Initial research showed a possible connection between certain food dyes, especially synthetic dyes, and hyperactive behavior in children. However, the next 20 years produced better controlled studies that did not show the alleged effect. It seemed like just another case of preliminary positive evidence that did not hold up to later more rigorous replication. Serious scientific interest in the question waned with this negative data.
However, recent popular interest in such issues has caused another wave of research. Dr. Oz’s website, for example, discusses the issue, giving it credence. Unfortunately, while it has renewed interest in the food dye question, the more recent research has not definitively answered the core question.
This is a complex research area because hyperactivity is often a subjective judgment, and behavior in children is subject to observer effects and placebo effects. Strict blinding and controls are therefore necessary.
Several recent reviews come to similar conclusions, which are more than a bit wishy washy. The Dr. Oz article cited one meta-analysis, but the conclusion of the analysis hedges:
Despite indications of publication bias and other limitations, this study is consistent with accumulating evidence that neurobehavioral toxicity may characterize a variety of widely distributed chemicals. Improvement in the identification of responders is required before strong clinical recommendations can be made.
Like other reviews and meta-analyses, they find a small effect, but also find serious problems in the data such as publication bias. They also find that the effect is most significant in a subset of children (called responders). While it is plausible that a subset of children, due to genetic differences, may have an adverse effect to some food dyes, while others do not, this makes interpreting the research more tricky.
A restriction diet benefits some children with ADHD. Effects of food colors were notable were but susceptible to publication bias or were derived from small, nongeneralizable samples. Renewed investigation of diet and ADHD is warranted.
Again we see there are problems with publication bias (a tendency to publish positive studies more than negative studies), but also point out problems with the sample sizes. They also found an effect in some children but not others.

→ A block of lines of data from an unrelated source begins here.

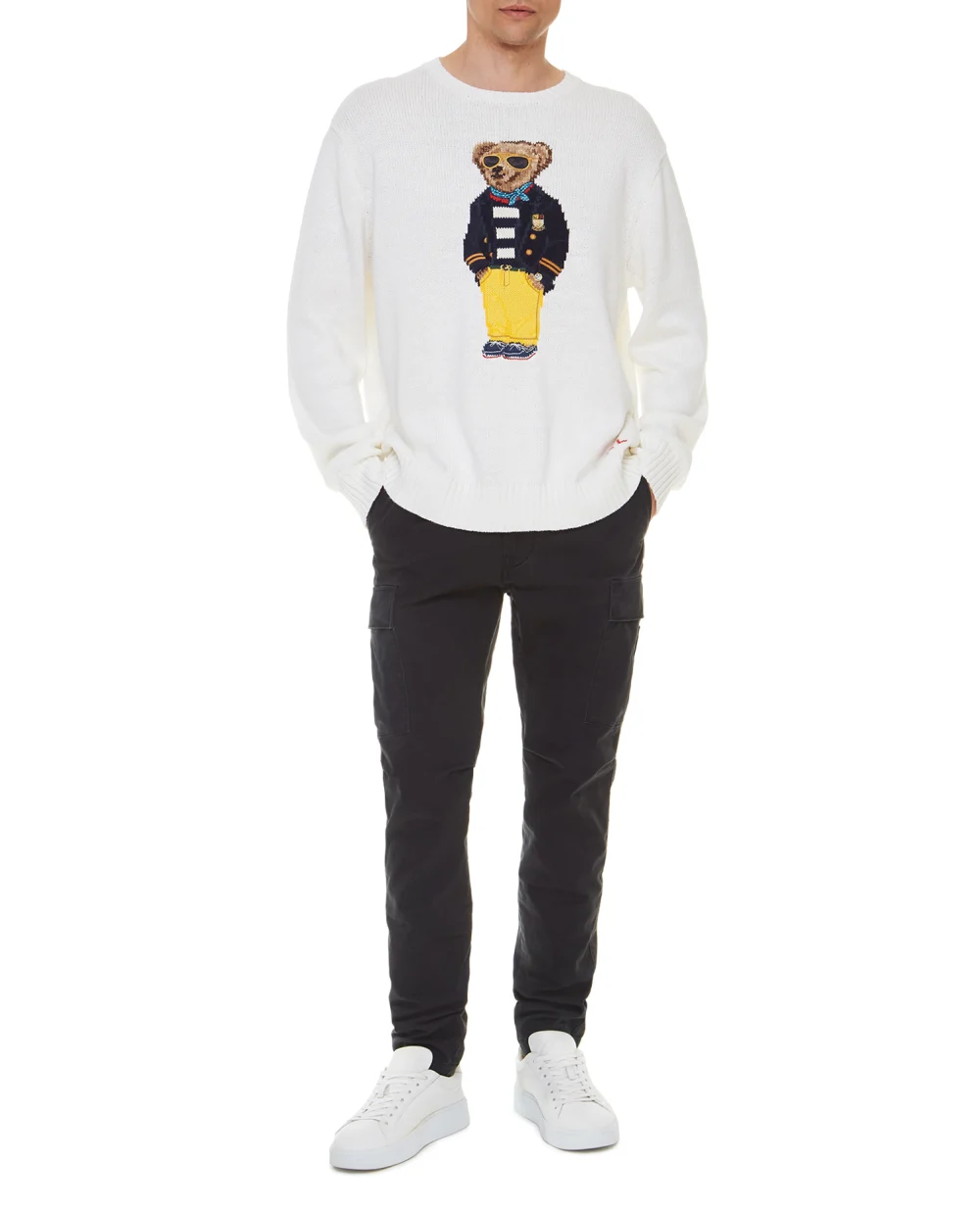 Свитер Polo Ralph Lauren 710834686001, белый цвет • Купить в интернет-магазине Kameron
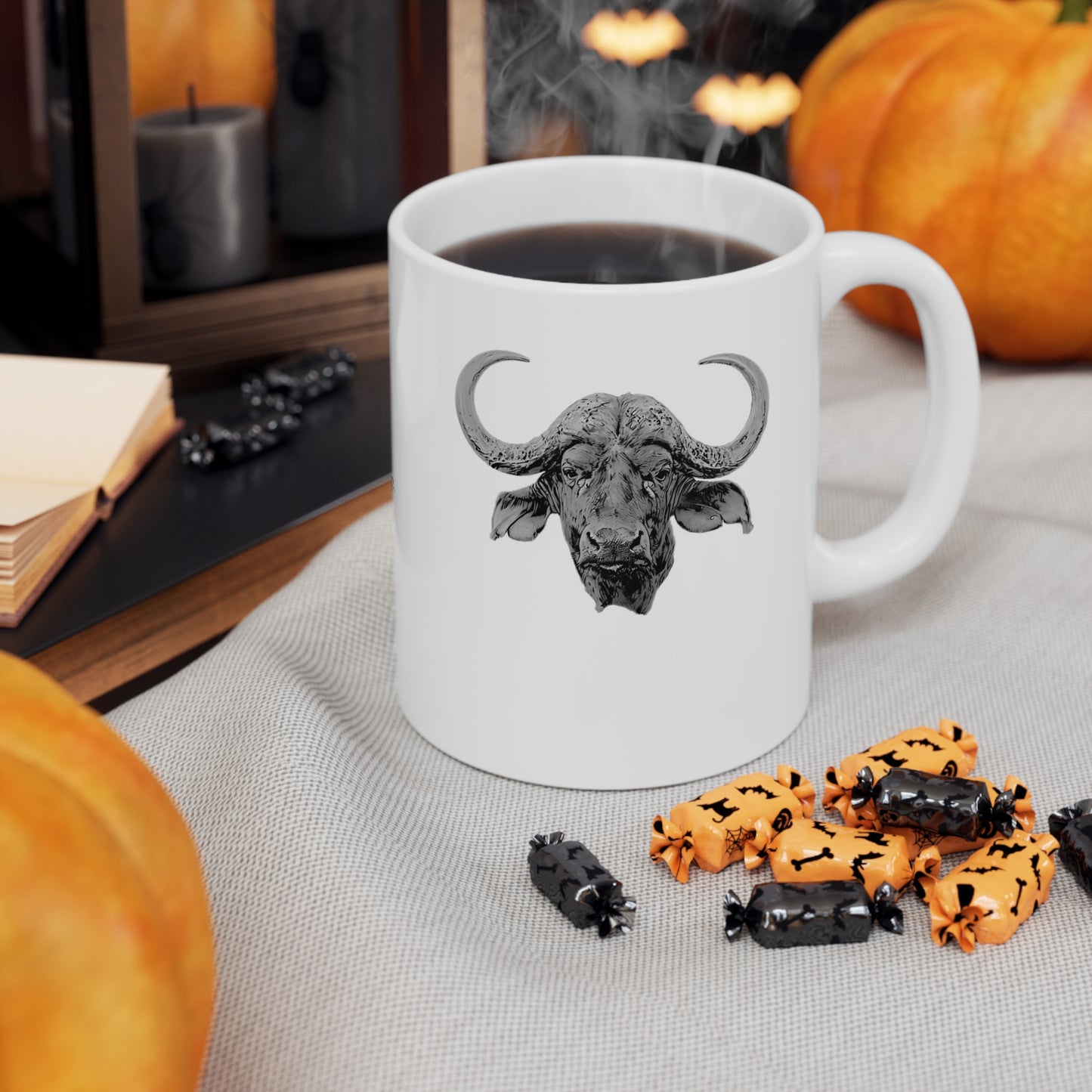 B&W Buffalo Mug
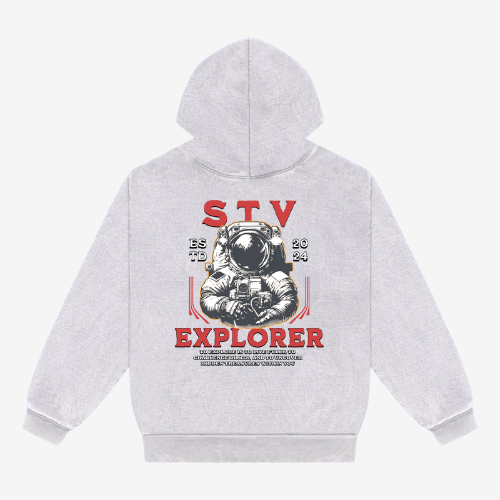 Ice Grey STV  EXPLORER Hoodie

At present there does not seem to be a definitive answer to the question of whether or not any specific food coloring or combination of food dyes worsens the symptoms of ADHD or contributes to hyperactivity in children with or without ADHD. To clarify, there is no research showing that food dyes cause ADHD, the question is restricted to short term effects on behavior.
There are some common themes in the reviews and meta-analyses. The existing research is currently inadequate to definitively answer the question, and further research is warranted. There appears to be publication bias affecting such reviews. Many studies are small, have problems with selecting subjects, and have small and inconsistent effects.
It is possible there is an adverse effect on behavior in a subset of children.
I agree with one reviewer who concluded:
While these strictures could have positive effects on behavior, the removal of food dyes is not a panacea for ADHD, which is a multifaceted disorder with both biological and environmental underpinnings.
An effect from food dyes is possible, but its overall effect on ADHD is likely minor and only one piece to a larger puzzle. Unfortunately this leaves us without a clear recommendation for consumers.
It may seem obvious to recommend to parents of children with ADHD to try a dye-restricted diet in their children to see if it works. However, such subjective evaluation by parents is likely to be overwhelmed with confirmation and observer bias. It still may not be unreasonable to try it. At least there is no health risk to such a trial. But I would advice caution in interpreting the results, and weigh any perceived benefit against any inconvenience or added cost. I would not recommend draconian measures in the hopes of a dramatic effect.
Mostly I hope to see some further rigorous trials to more definitively put this question to rest.